AIG maintains in this release that direct investment in residential mortgage loans “offers attractive investment returns and enables a proactive approach to managing mortgage risk.” Again, our concern is not really whether AIG can manage this. Our concern is that the public will ask, “Isn’t that sort of why we bailed them out just a few years ago?” Whether the insurance giant created a hole worth endless of billions by insuring and participating in mortgages, CDOs and other securitizations may get lost in the shuffle here in what is, by and large, a liberal media that does not really like Wall St. and those who create wealth merely from financial dealings. Here is the supporting data offered by AIG:

Over the past several years, United Guaranty has been using a multivariate risk-assessment model to determine the quality of individual loans in the pricing of its mortgage insurance. United Guaranty is contributing deep knowledge of the residential mortgage landscape to the Connective project. “With the support of AIG, United Guaranty became the mortgage insurance market-share leader with risk-based pricing products,” said Donna DeMaio, United Guaranty’s Chief Executive Officer. “United Guaranty’s understanding of residential mortgage markets combined with AIG’s investment expertise creates unique new investment opportunities for AIG.”

AIG said that the Connective unit will establish correspondent relationships with lenders and will underwrite loans, and that it will provide support throughout the loan purchase process. It also said that all mortgage purchases will be subject to rigorous underwriting and risk management standards.

Here is where the difference from the past comes into play: There are no plans for Connective to conduct any direct lending or securitization. Our problem with today’s news is that the public is still too rattled to hear that AIG is getting more active in another major aspect of the public’s finances, even if this is different from what really blew up the company.

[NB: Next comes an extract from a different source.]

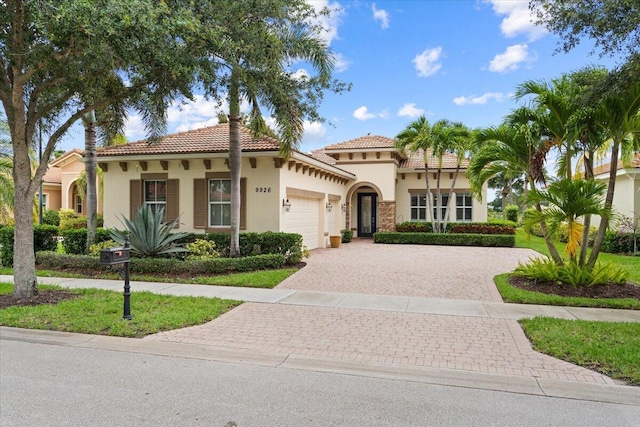 9926 SW Nuova Way, Port Saint Lucie, FL 34986 - mediterranean / spanish-style house featuring an attached garage, stucco siding, decorative driveway, and a tile roof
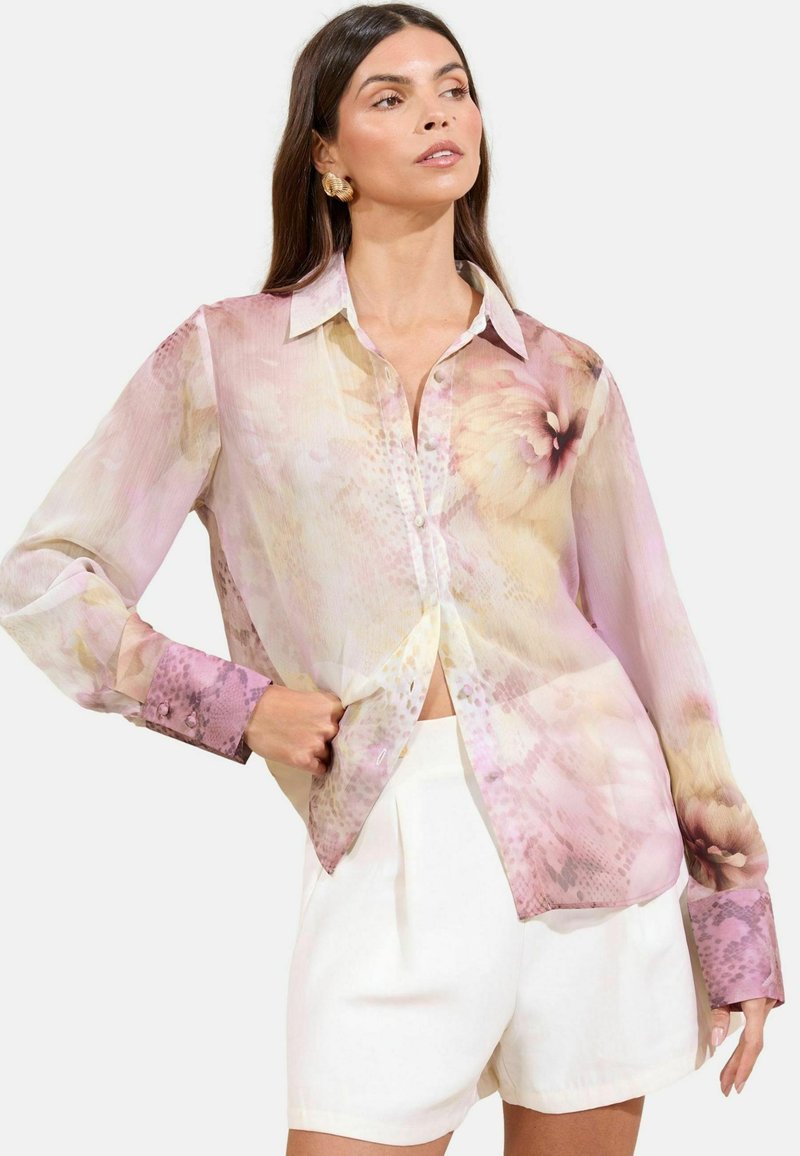 Transparante button-up blouse in pastelroze met bloemenpatronen; lange mouwen met bedrukt manchet; gecombineerd met witte op maat gemaakte korte broeken.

The reality is that the public no longer owns AIG. Reality and perception may differ. As CEO Robert Benmosche has indicated previously, the company just cannot get involved in certain things (like suing the government over the bailout terms) because of the public perception. The public perception by many is still that AIG owes the public, even if that debt is merely a moral one.

It is one thing for AIG to actually do this new mortgage investing initiative. It is quite another thing to telegraph the launch of this new initiative. Perhaps AIG should have just launched this new mortgage effort without formally announcing it.